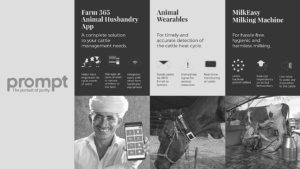 Exhibition layout for Prompt Dairy Tech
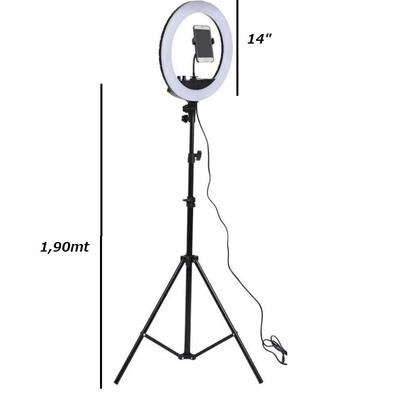 Ring-Light-14----Tripe-190cm Ring-Light-14----Tripe-190cm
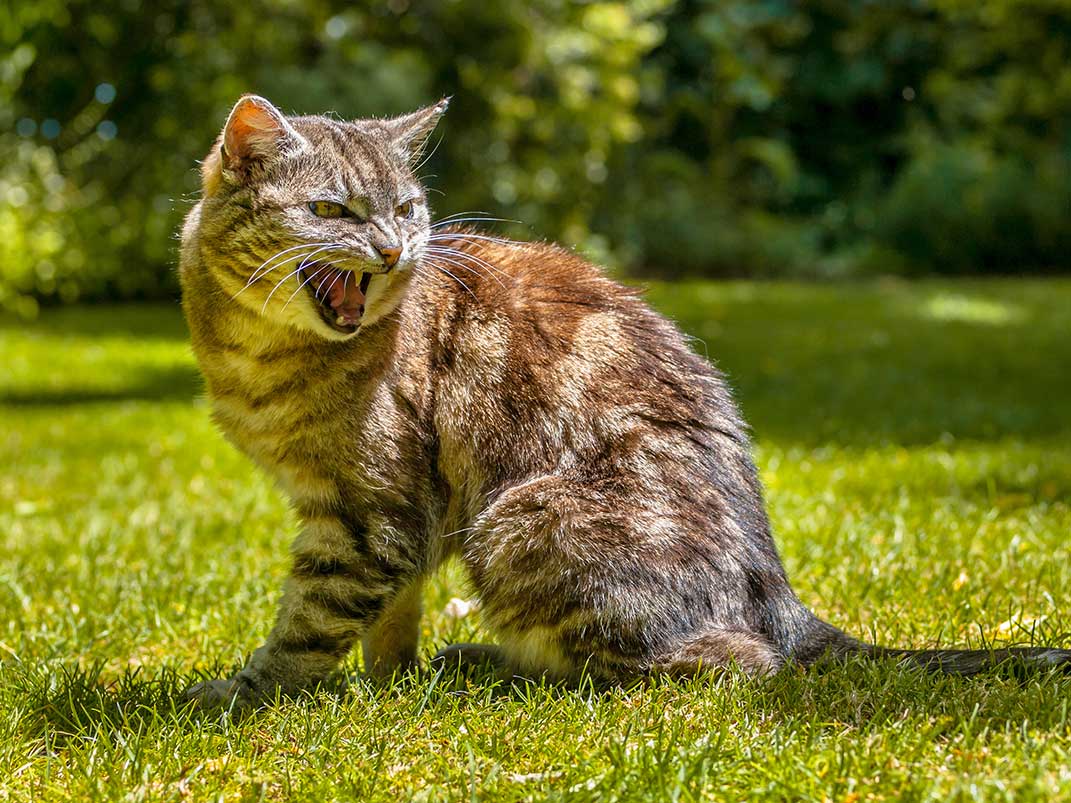Eine aggressiv fauchende Katze sitzt auf dem Rasen.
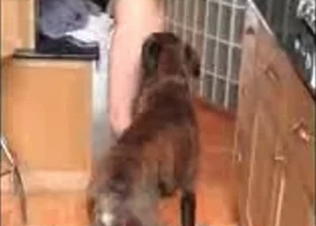 Puppy being great at licking pussy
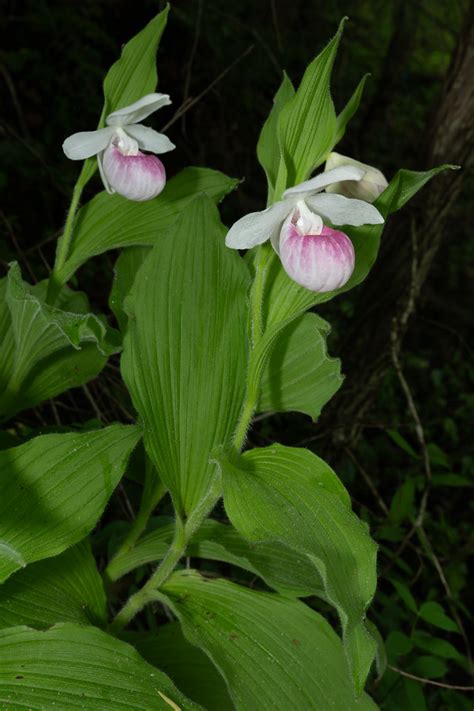 Cypripedium Reginae Showy Lady Slippers Tennessee Flickr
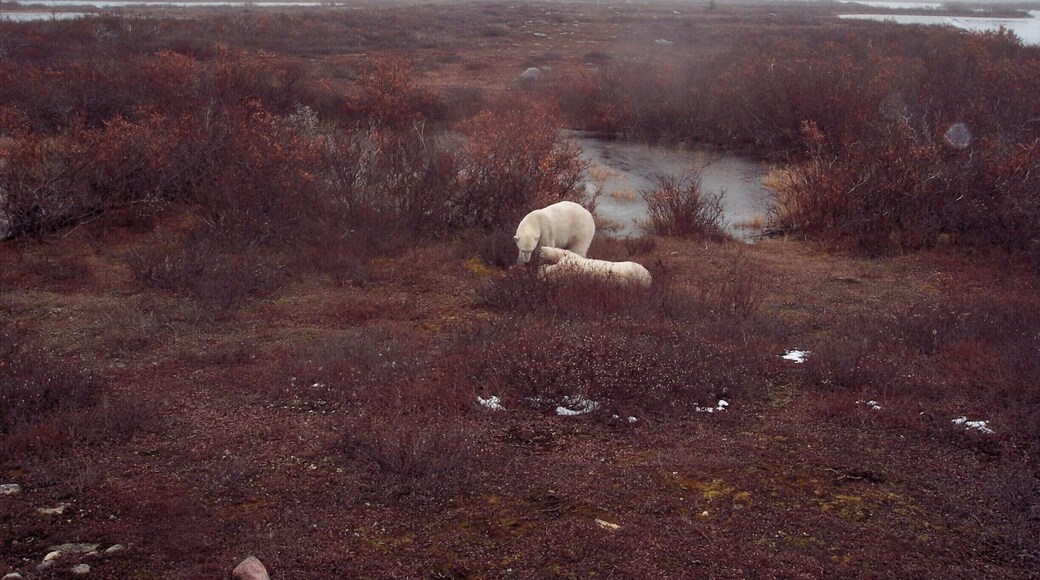 We took a road trip from Winnipeg to Thompson then the train over the permafrost to get to Churchill. The big wheeled tundra buggies take you out to where the bears come in off the ice floes, or get ready to go back out. These are a couple of playful young bears but you'd best keep your distance. #bears #colourful photos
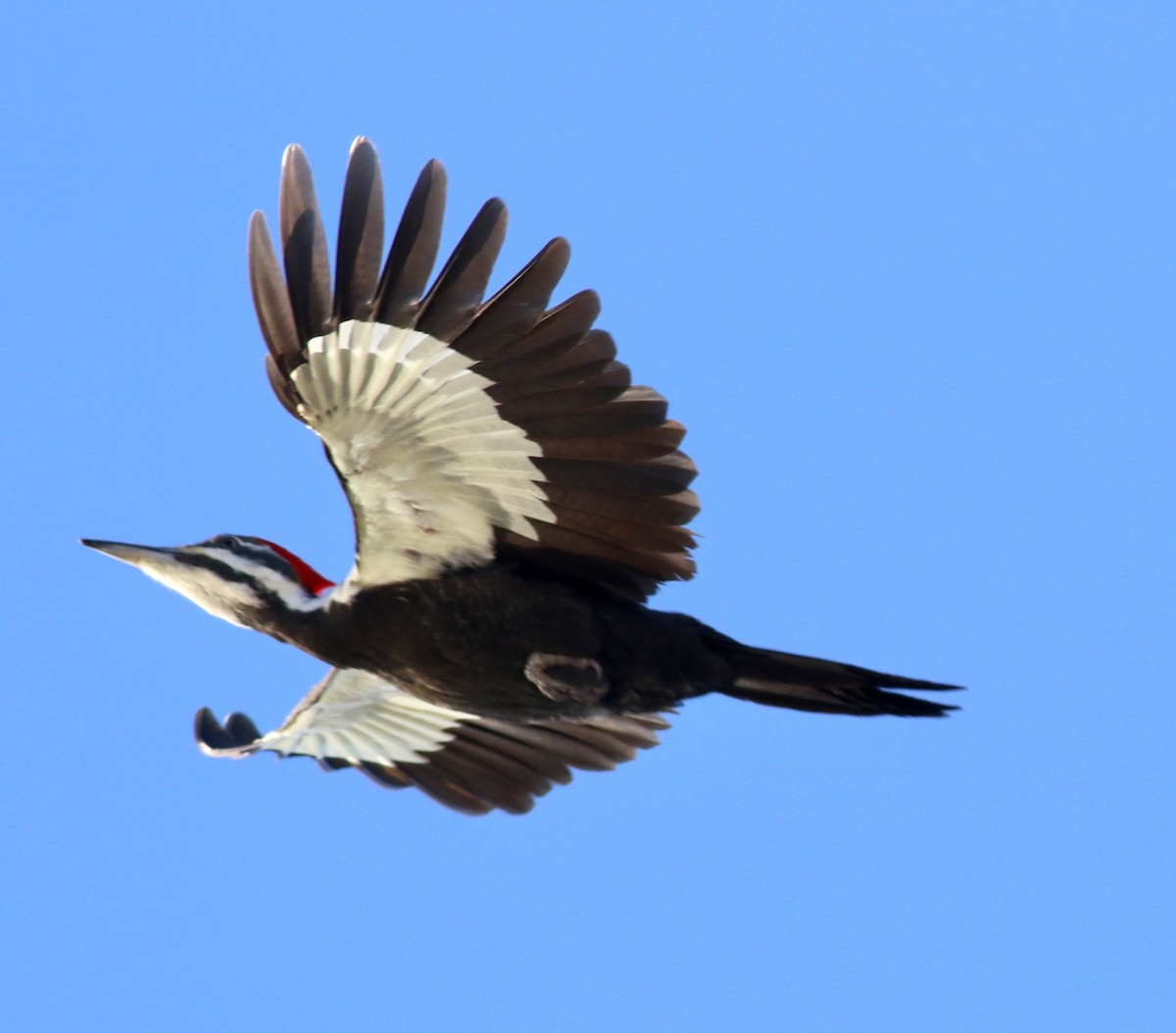 Pileated Woodpecker - Brian Miller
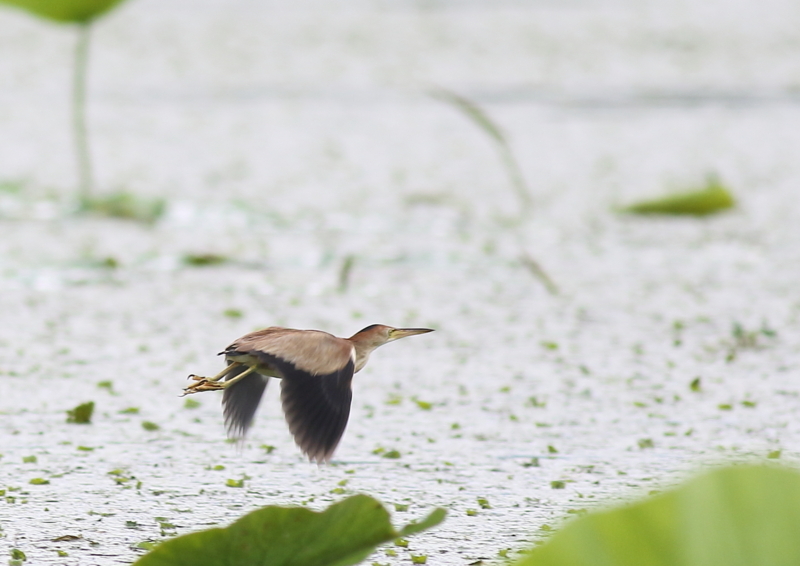 f:id:funatuyo:20180708103209j:image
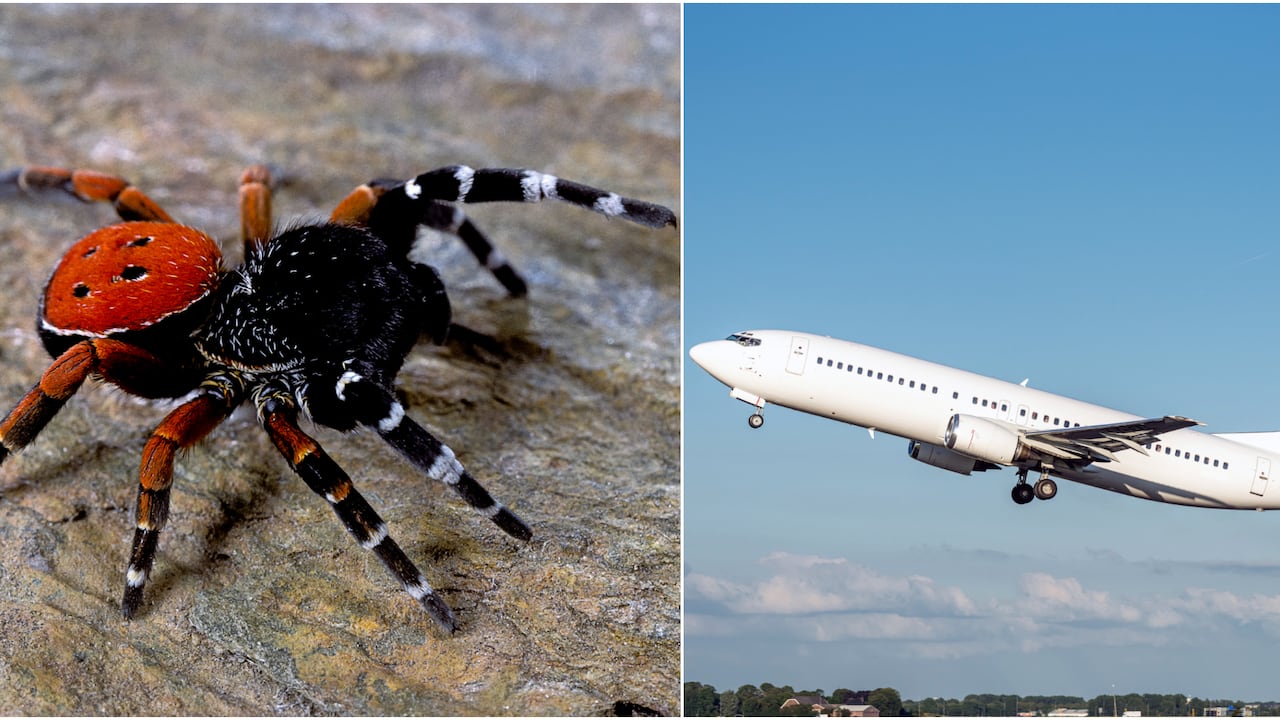 La araña habría entrado al avión por el equipaje de mano del vuelo anterior.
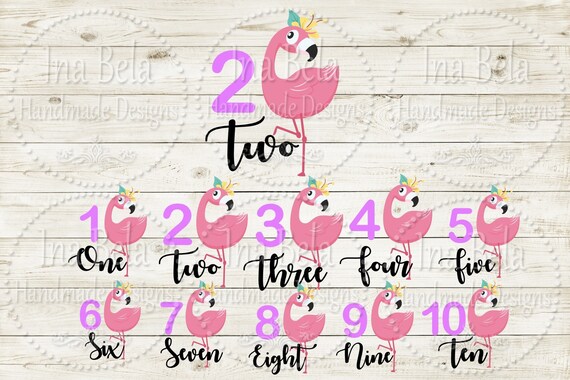 Bundle Flamingoflamingo Svgbird Svganimal Svgbirthday Etsy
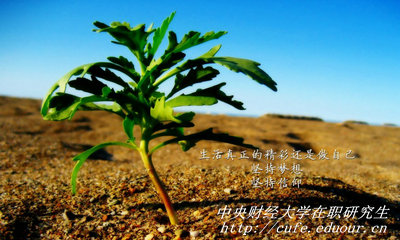 中央財經(jīng)大學(xué)在職研究生同等學(xué)力申碩有哪些優(yōu)勢？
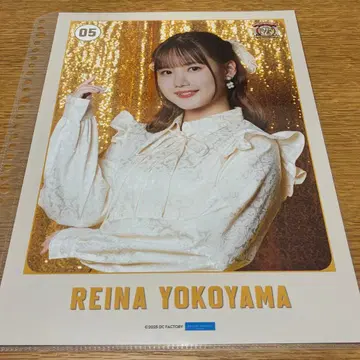 요코야마 레이나 핀포스 솔로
------------
#### PROMPT
Each of the records above needs to be transcribed exactly, apart from its pictures.

#### ANSWER SECTION
 Exhibition layout for Prompt Dairy Tech
 Ring-Light-14----Tripe-190cm Ring-Light-14----Tripe-190cm
Eine aggressiv fauchende Katze sitzt auf dem Rasen.
 Puppy being great at licking pussy
 Cypripedium Reginae Showy Lady Slippers Tennessee Flickr
 We took a road trip from Winnipeg to Thompson then the train over the permafrost to get to Churchill. The big wheeled tundra buggies take you out to where the bears come in off the ice floes, or get ready to go back out. These are a couple of playful young bears but you'd best keep your distance. #bears #colourful photos
 Pileated Woodpecker - Brian Miller
 f:id:funatuyo:20180708103209j:image
 La araña habría entrado al avión por el equipaje de mano del vuelo anterior.
 Bundle Flamingoflamingo Svgbird Svganimal Svgbirthday Etsy
 中央財經(jīng)大學(xué)在職研究生同等學(xué)力申碩有哪些優(yōu)勢？
 요코야마 레이나 핀포스 솔로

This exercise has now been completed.